My goodness, the National Gallery is absolutely massive. I'm going to have to make a return visit there, simply because I didn't get to see and enjoy it all. After four hours, art fatigue began to set in.

Trafalgar Square is a fine sight, when you're not taking shelter from flocks of pigeons. I made my way out to the island in front of Nelson's statue and spire, and felt very hemmed in by the traffic surrounding me on all sides.

I got a bit confused with the tube system and decided to hop on over to Leicester Square until I got my bearings. There I came across a fantastic alleyway full of used book stores. One of them was giving away free calendars, to one of which I helped myself. There was a store, Pleasures of Past Times, specializing in theatre that I went into, but I had to leave in short order because the shopkeeper was going off to lunch. We got to talking a bit about Shakespeare--among the collection are programs for old productions--and he encouraged me to go see Twelfth Night. He had to kick me out, but he gave me his business card, which uses the word "twixt" when giving his lunch hour. I'm going to try to make it back there tomorrow and see how much one of those programs costs.
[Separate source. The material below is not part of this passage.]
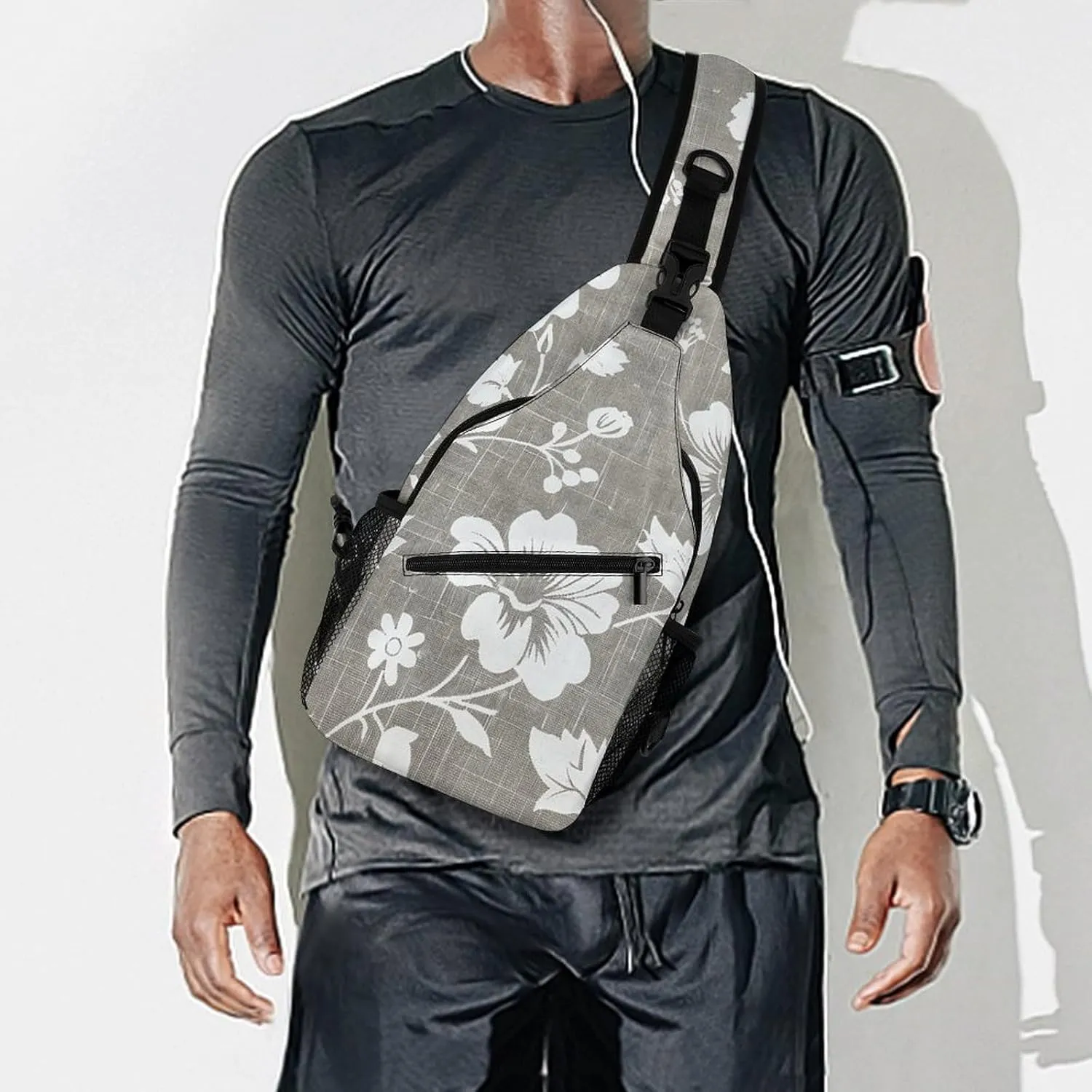 Sling Bag for Women Men Daypack Gray Linen Print Chest Bag Crossbody Backpack for Hiking Travel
Outside the Leicester Square station a guy hawking maps was barking, "Anybody lost? I've got information!" As soon as I start feeling lost trying to find my way back, I just used him as a reference point.

Around 7 I took off to wander the city. The police were set up in Bayswater station, and later, I saw, around Soho. I don't know why. I got off the tube in Oxford Circus, and in my travels covered ground in Soho, Westminster, Covent Garden, and ended up in the Leicester Square station after munching on some garlic bread in an Italian restaurant that was playing the Pulp Fiction soundtrack.

London is striking in the frankness of its sexuality. I defy anyone to show me a payphone that isn't covered in stickers advertising sex hotlines. The magazine racks all have bare breasts displayed on the top racks, and Soho has a whole strip of "Licensed Sex Shops." It's a nice change from American puritanism. As if a couple of bippies are going to bore a hole in childrens' eyes.

I love the tube system now, and it confounds me that America is so behind in its public transit.